[YOUR TASK] The answer must be an exact copy of every entry.
(DATA FOR REVIEW)
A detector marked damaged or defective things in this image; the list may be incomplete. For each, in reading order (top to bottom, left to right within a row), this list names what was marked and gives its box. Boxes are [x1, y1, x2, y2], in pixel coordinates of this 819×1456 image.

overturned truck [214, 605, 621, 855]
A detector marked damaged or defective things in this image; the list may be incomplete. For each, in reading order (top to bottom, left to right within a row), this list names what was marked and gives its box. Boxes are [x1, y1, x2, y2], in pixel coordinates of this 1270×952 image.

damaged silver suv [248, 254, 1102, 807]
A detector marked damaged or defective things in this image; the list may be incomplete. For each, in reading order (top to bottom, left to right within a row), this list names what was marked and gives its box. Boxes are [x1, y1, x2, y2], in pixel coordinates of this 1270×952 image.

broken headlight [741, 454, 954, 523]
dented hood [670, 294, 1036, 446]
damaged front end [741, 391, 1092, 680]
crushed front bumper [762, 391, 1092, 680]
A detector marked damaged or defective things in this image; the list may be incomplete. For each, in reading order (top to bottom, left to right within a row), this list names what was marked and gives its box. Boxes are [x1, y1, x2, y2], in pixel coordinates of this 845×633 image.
(End DATA FOR REVIEW)
[TASK ANSWER]
A detector marked damaged or defective things in this image; the list may be incomplete. For each, in reading order (top to bottom, left to right within a row), this list names what was marked and gives its box. Boxes are [x1, y1, x2, y2], in pixel coordinates of this 819×1456 image.

overturned truck [214, 605, 621, 855]
A detector marked damaged or defective things in this image; the list may be incomplete. For each, in reading order (top to bottom, left to right within a row), this list names what was marked and gives its box. Boxes are [x1, y1, x2, y2], in pixel coordinates of this 1270×952 image.

damaged silver suv [248, 254, 1102, 807]
A detector marked damaged or defective things in this image; the list may be incomplete. For each, in reading order (top to bottom, left to right within a row), this list names what was marked and gives its box. Boxes are [x1, y1, x2, y2], in pixel coordinates of this 1270×952 image.

broken headlight [741, 454, 954, 523]
dented hood [670, 294, 1036, 446]
damaged front end [741, 391, 1092, 680]
crushed front bumper [762, 391, 1092, 680]
A detector marked damaged or defective things in this image; the list may be incomplete. For each, in reading order (top to bottom, left to right within a row), this list names what was marked and gives its box. Boxes are [x1, y1, x2, y2], in pixel coordinates of this 845×633 image.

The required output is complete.